The
Berlin Specimen (MB.Av.101) was discovered in 1874 or 1875 at the Blumenberg quarry near
Eichstätt, Germany, by farmer Jakob Niemeyer, who reportedly sold the fossil for the money to buy a cow around a year later, to inn-keeper Johann Dörr, who again sold it to Ernst Otto Häberlein, the son of K. Häberlein. Placed on sale between 1877 and 1881, with potential buyers including
O.C. Marsh of Yale University's Peabody Museum, it was eventually bought by the
Natural History Museum of Berlin, where it is now displayed, for 20,000
Goldmark. The transaction was financed by
Ernst Werner von Siemens, founder of the
famous company that bears his name.
History Discovery and purchases With the London specimen now owned by Great Britain, a second complete specimen, unearthed several years later, attracted a great deal of attention and subsequent conflict in Germany. After its private purchase by Häberlein, its first public mention was in the journal "Leopoldina", shortly followed by a blurb in the newspaper "Neues Jahrbuch", both in May 1877. In the "Neues" it appeared under the heading "Petrefaktenhandel" ("fossil trading"), where it was listed for sale by Häberlein—as a pterosaur—along with his collection of (actual) Solnhofen pterosaurs. A precise date for the specimen's original discovery is unknown, but is estimated at being sometime between as early as 1874 and autumn of 1876, shortly before its hand-off from Dörr to Häberlein. There is some conflict in reports of its year of discovery. Tischlinger (2005), for example, claims an 1874 or 1875 discovery for the fossil, some time before its purchase by Häberlein. Similarly, the fossil's original price is a matter of contradicting and speculative reports. Suggestions range from 140 marks, 1,400 marks, to 2,000 marks. Wellnhofer (2009) even mentions, based on a statement by quarry-owner Jakob Niemeyer's great-granddaughter, that only Häberlein knew the real value of the specimen and had purchased it pretending it was a pterosaur. The original preparation of the specimen, exposing just part of the tail, was performed by Ernst Häberlein, who purchased it still mostly covered by
matrix. This likely explains its misidentification as a pterosaur, despite its now-clear skeleton and feather impressions.
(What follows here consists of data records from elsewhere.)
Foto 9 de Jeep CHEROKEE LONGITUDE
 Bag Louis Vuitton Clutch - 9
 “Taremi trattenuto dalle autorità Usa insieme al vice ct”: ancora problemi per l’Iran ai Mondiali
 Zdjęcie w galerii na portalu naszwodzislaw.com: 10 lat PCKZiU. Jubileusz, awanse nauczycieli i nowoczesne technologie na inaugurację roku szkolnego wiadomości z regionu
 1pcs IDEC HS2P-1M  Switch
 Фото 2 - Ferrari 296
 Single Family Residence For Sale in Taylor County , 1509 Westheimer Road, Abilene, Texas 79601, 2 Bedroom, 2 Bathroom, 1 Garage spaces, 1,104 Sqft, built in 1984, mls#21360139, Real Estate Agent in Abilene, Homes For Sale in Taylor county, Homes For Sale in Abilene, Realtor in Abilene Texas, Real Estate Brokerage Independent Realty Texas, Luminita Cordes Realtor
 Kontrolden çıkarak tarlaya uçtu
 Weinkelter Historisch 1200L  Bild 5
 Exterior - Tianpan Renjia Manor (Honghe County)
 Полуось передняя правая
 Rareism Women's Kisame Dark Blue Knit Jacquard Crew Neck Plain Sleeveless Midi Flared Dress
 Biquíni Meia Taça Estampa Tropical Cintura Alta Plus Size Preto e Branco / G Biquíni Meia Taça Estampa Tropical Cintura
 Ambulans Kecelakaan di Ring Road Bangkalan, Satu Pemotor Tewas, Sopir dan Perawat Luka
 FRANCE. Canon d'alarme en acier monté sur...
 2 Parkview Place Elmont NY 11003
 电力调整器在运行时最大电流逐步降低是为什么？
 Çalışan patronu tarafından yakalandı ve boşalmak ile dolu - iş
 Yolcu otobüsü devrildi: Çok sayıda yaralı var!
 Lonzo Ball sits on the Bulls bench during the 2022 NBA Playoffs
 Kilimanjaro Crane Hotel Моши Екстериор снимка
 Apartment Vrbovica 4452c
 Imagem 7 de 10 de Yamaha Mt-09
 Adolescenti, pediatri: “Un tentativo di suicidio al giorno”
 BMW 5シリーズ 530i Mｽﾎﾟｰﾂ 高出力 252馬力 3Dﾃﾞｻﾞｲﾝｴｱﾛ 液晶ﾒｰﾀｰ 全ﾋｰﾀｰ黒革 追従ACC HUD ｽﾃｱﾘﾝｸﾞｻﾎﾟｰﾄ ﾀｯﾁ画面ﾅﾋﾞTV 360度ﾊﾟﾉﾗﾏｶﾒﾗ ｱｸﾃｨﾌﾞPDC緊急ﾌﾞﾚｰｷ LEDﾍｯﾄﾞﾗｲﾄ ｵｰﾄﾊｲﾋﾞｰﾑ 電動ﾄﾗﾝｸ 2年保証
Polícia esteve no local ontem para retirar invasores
After exposing these unique features, Häberlein first offered the specimen to the Bavarian State Paleontological Collection at a selling price of 15,000 guldens, equivalent to 25,710 marks. The State collection was unable to raise the money and the Bavarian parliament would not authorize the expenditure, despite the efforts of the then-acting director of the State collection,
Karl Zittel, who passionately described the "faultless beauty" of the exposed tail alone. One of the first early offers for the fossil came from O. C. Marsh of the
Yale Peabody Museum in America, who offered up 1,000 deutschemarks for the fossil. This offer was refused by Häberlein and was followed by a significant counteroffer of $10,000 by F. A. Schwartz of
Nürnberg. There is no evidence that Marsh was interested in negotiating further, and historians speculate that this may be due to Marsh's suspecting the fossil might be a fraud, following claims of such in a Nürnberg newspaper. At this point, Häberlein offered to sell the fossil to the British Museum of London through a letter addressed to Director of the Geology Department G. R. Waterhouse, who had negotiated with Häberlein's father for the first specimen. This time, however, Waterhouse delayed the potential transaction and sought to negotiate the price, likely due to the specimen's having not yet been fully prepared. Häberlein tried the following year to sell the specimen to
King's College London at the price of 1,600 pounds—more than twice what his father had sold the first specimen for—with no success. Meanwhile, he continued to work at preparing the fossil, albeit "extremely erratically, crudely and amateurishly". By 1877 he had reassembled the negative impressions on the counter slab, revealing the whole skeleton and the plumage of its spread wings and tail on the main slab. Now that the completeness and beauty of the fossil was on full display, Häberlein began asking for 36,000 marks for its sale, a price unable to be raised by any museum in the world. As German representatives became increasingly desirous of the valuable fossil, intercessions with the German emperor as well as the king of Bavaria were attempted and ultimately failed. This statement was interpreted in Germany as a treasonous insult, especially given its subsequent publication in a French journal. At this point Häberlein was attempting to sell his fossil to museums in Munich, Berlin and Geneva; for this purpose he approached Vogt and reduced his price to 26,000 marks, a price still unaffordable by the Geneva museum. In 1880, Häberlein wrote to the Mineralogical Museum of the
Friedrich-Wilhelms University in Berlin in another attempted sale, at the "greatly reduced price of 26,000 marks". Museum director
Ernst Beyrich traveled to meet Häberlein and inspect the fossil in spring of March 1880. Despite his urgent recommendation for its acquisition, the requisite funds could not be produced. It was only through the intervention of renowned German industrialist
Werner von Siemens, founder of the
Siemens engineering company, that the specimen was finally acquired for the Berlin museum. Von Siemens, who learned of the specimen and its problems reaching a sale through museum curator
Wilhelm Dames, proposed to simply buy the fossil himself and then permit the fossil to enter custody of the paleontological collection of
Friedrich Wilhelm University (the Berlin University, which in the present day is named "Humboldt University of Berlin" since 1949). After several years of tension, the fossil was finally reclaimed by Germany for a sum of 20,000 marks in April 1880, whereby von Siemens made it immediately available for research by the Mineralogical Museum of Berlin.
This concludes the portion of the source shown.